The Barton College monthly public forum ‘Science and Religion in Conversation’ will be held again on Tuesday afternoon, March 1st at 3 PM in Barton College’s Hackney Library. Our discussion this month highlights The Varieties of Religious Experience by William James, a classic in psychology and religion. A psychological theorist turned philosopher, James has a style that is imbued with humor, lucid writing, and an engaged curiosity that asks fundamental questions about spiritual experience.
James says that what interests him is not religious institutions but religious feelings and impulses. He says, “religious awe is the same organic thrill which we feel in a forest at twilight, or in a mountain gorge; only this time it comes over us at the thought of our supernatural relations.” What is important is to view the quality of the fruit and not the source of religious experience. The idea of religion comprises “the feelings, acts, and experiences of individuals in their solitude, so far as they apprehend themselves to stand in relation to whatever they may consider the divine.”
James argues for the power of “psychological peculiarities … of belief in an object we cannot see” in his chapter on The Reality of the Unseen. For instance, we cannot conceive of truth, beauty and goodness by themselves, yet they are central to the way we conceive concrete objects. Abstract ideas exert more power in our minds than concrete realities. We perceive a ‘something there’ and have an undifferentiated sense of reality.
James goes on to detail several characteristics of saintliness and mysticism. Though he does not make a sure case for the existence of God, what is certain is “… that we can experience union with something larger than ourselves and in that union find our greatest peace”. He endorses a critical science of religion seeking practical value and religious diversity. The value of spiritual experience cannot be verified by science.
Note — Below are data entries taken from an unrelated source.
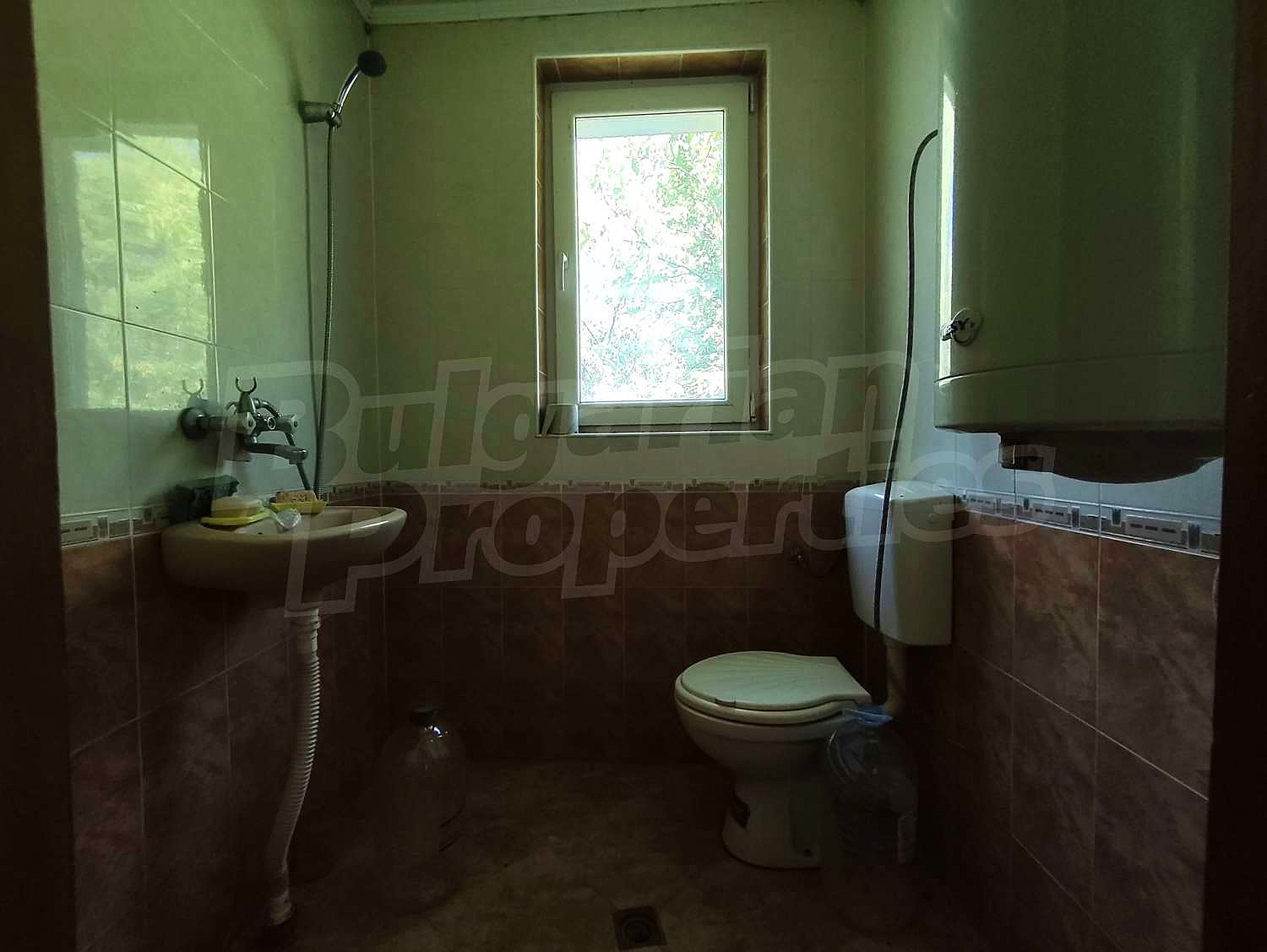 Gallery Picture 23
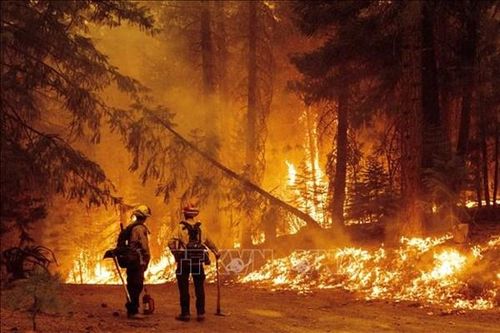Bang California tiến hành 25 vụ bắt giữ trong tháng 6/2022 vì tội phóng hỏa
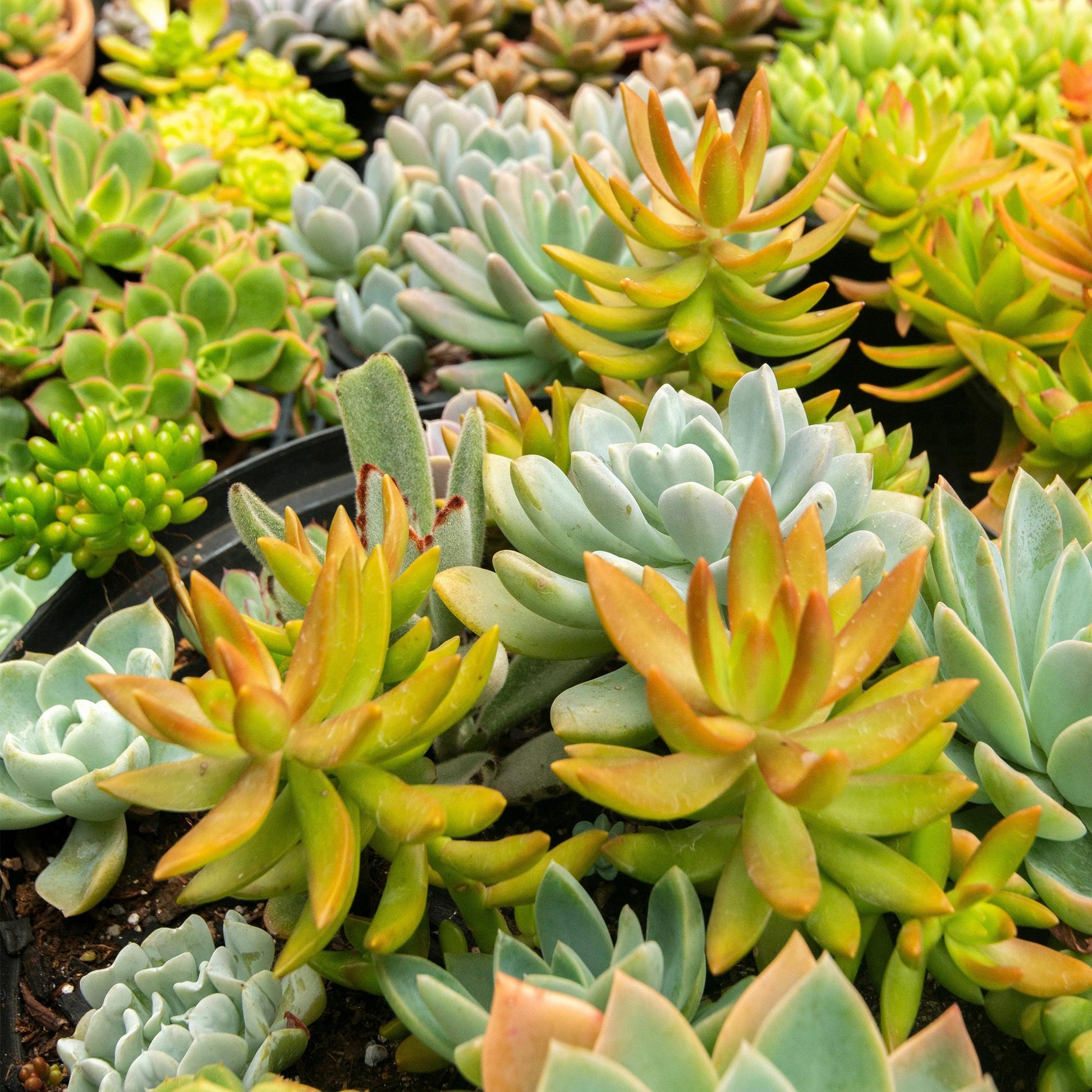 Green boutiQ - Bodembedekker - Winterhard - Alpine Mix - 8 Planten - Diversen Kleuren  - Weinig Onderhoud - Pot 14 Hoogte 17 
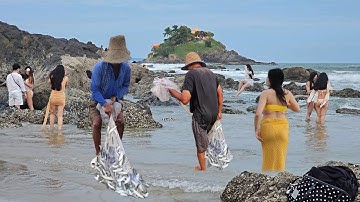 Các Chú Chài Cá May Mắn - Sửng Sốt Trước Cảnh Tượng Hàng Trăm Con Cá Đối Được Chài Tại Bãi Tắm Tiên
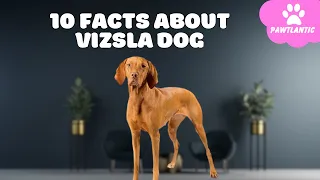 10 Things Only Vizsla Dog Owners Understand | Dog Facts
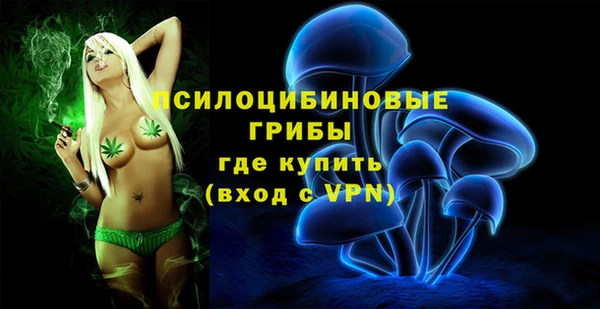 кокс Няндома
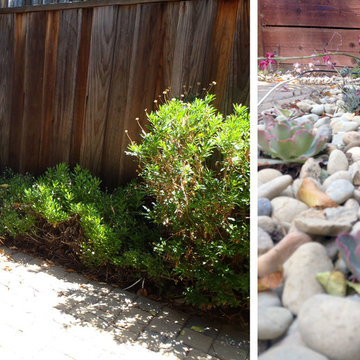 Cupertino Town Home Lawn Conversion & Drought Tolerant Beds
Appreciating religion is to experience ‘something more’ than ourselves.
Our monthly meeting aims to facilitate the ongoing dialogue between the disciplines of science and religion, one of the most important current areas of debate in terms of understanding the nature of humanity. You may come to just listen or to freely participate in our conversation.
Please join our gathering for the forum ‘Science and Religion in Conversation’ this Tuesday afternoon, March 1st at 3 PM in the Barton College’s Hackney Library.